If you go from having a composite op (is made of other ops) to a non-composite op (a custom kernel), then yes you need to add implementation for the different components to tell them how it works. Specifically, for compile → fake impl, for autograd → backward.
What about in the case where my custom op is just a composition of Aten ops? How can I use to CompositeImplicitAutograd to tell the various torch components how my custom op works? In your example the “meta implementation” does not actually produce the correct values, just the correct shapes. I have a situation where I’m really just registering a custom op which is semantically identical to a fusion of torch native ops. (my understanding is that this is the best way / most supported way to register a device-specific fusion, please lmk if I’m using the wrong APIs.)
When I initially register a function to CompositeImplicitAutograd everything works great. I can use inference mode and autograd on all devices.
Then when I add a device specific registration through the C++ api, the inference mode still works, but backwards for that device produces an error, “autograd kernel was not registered” warning.

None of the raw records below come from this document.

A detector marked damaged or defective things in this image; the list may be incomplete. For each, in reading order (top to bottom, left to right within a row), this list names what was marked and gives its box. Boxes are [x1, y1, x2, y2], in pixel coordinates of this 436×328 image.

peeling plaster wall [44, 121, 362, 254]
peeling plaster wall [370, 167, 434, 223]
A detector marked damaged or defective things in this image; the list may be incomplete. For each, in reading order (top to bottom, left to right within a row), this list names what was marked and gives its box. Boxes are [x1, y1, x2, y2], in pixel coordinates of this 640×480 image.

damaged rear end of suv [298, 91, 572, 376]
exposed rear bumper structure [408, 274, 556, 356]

The nearest solution I have found is to add re-dispatching to the CompositeImplicitAutograd in the C++ registration. something like this.
void autograd_to_composite(
const c10::OperatorHandle& op,
torch::jit::Stack* stack) {
op.callBoxedForDispatchKey(c10::DispatchKey::CompositeImplicitAutograd, *stack);
}
TORCH_LIBRARY_IMPL(..., AutogradDEVICE, m) {
m.impl(
"forward_op",
torch::CppFunction::makeFromBoxedFunction<&autograd_to_composite>());
}
But it’s a little over zealous / conservative. It runs the CompositeImplicitAutograd implementation in forward always on the device (even though there’s a fast fused impl available). There’s an old article about figuring out which intermediate tensors to preserve in a autograd graph.

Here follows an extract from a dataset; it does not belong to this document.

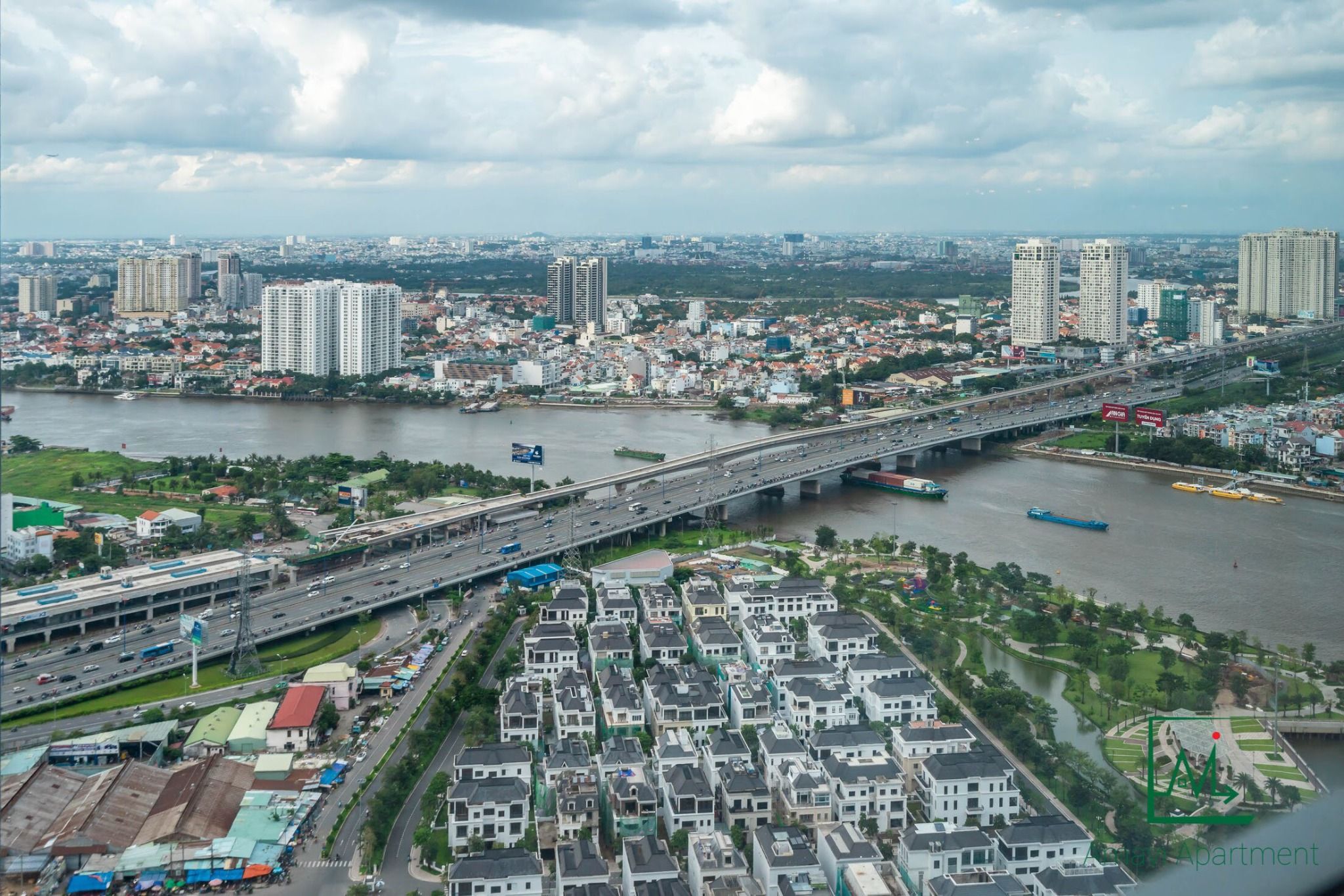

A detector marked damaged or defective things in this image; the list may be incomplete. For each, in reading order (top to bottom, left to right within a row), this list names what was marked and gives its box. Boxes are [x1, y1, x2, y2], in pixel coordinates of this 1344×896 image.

rusty metal roof building [136, 758, 254, 849]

It seems in this situation, “having a fast implementation of a fusion of aten operations” is equivalent to “storing none of the intermediate nodes and instead recalculating all of them during the backwards, [and replacing the forward op pattern with the fast fusion impl]”.

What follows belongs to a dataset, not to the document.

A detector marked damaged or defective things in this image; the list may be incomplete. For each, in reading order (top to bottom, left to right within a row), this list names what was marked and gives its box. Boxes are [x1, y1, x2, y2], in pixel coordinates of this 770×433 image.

It would be really nice if there was some way I could get pytorch autograd to work in this way. (I could add a Tag to my custom operator to assert, “Yes, you can derive device specific autograd from my CIA + forwards. I understand I’m asking for magic / my CIA is accurate / the definition of the op behavior”)
The benefit would be that I would not have to duplicate generic autograd logic in each the C++ registrations for each device backend. (because doing so is verbose and error prone, essentially redefining what is asserted by registering the CompositeImplicitAutograd function).
Please let me know your thoughts on this, it’s okay if the answer is “that’s not a supported workflow” or w/e I’ve just been struggling with it for a while.